Open Topics

I am always looking for good students to write bachelor/master's theses.

Please have a look at the list of title available here.

The thesis can be in one of the following broad areas:

Big Data
Data Profiling
Linked Data
Text Mining
Recommender Systems
Information Retrieval
Natural Language Processing
Open Data, Open Governament
Visual Analytics

Please note that the list below is only a small sample of possible thesis topics and ideas. Please contact me to discuss further, to find new topics, or to suggest a topic of your own.

Big Linked Data tools for visualization

Visualization is an interdisciplinary imaging science devoted to making the invisible visible through the techniques of experimental visualization and computer-aided visualization.

Linked Data visualization systems are tools for navigation, browsing and querying RDF datasets. They can be divided in generic systems and graphical exploration systems.
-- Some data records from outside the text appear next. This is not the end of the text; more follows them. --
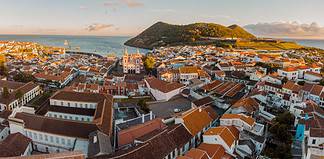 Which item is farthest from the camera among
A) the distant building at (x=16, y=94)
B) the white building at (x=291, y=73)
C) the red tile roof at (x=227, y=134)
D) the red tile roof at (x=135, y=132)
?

Generic display systems (such as Rhizomer [Brunetti 2012], LODWheel [Stuhr 2011], SemLens [Heim 2011], Payola [Klímek 2013], LDVizWiz [Atemezing 2014], VisWizard [Tschinkel 2014], LinkDaViz [Thellmann 2015], ViCoMap [Ristoski 2015]) support different types of data (for example, numbers, temporal, graphical, spatial) and provide different types of visualization. Some systems offer recommendation mechanisms suggesting the most suitable form of visualization depending on the input data (LinkDaViz, VisWizard, LDVizWiz). With regard to visual scalability, most systems do not adopt approximation techniques such as sampling, filtering or aggregation. Existing approaches assume that all objects can be presented on the screen and managed through traditional visualization techniques, thus limiting their applicability to data sets of limited size. Exceptions in this scenario are the cases of SynopsViz [Bikakis 2017] and VizBoard [Voigt 2012] which exploit external memory at runtime.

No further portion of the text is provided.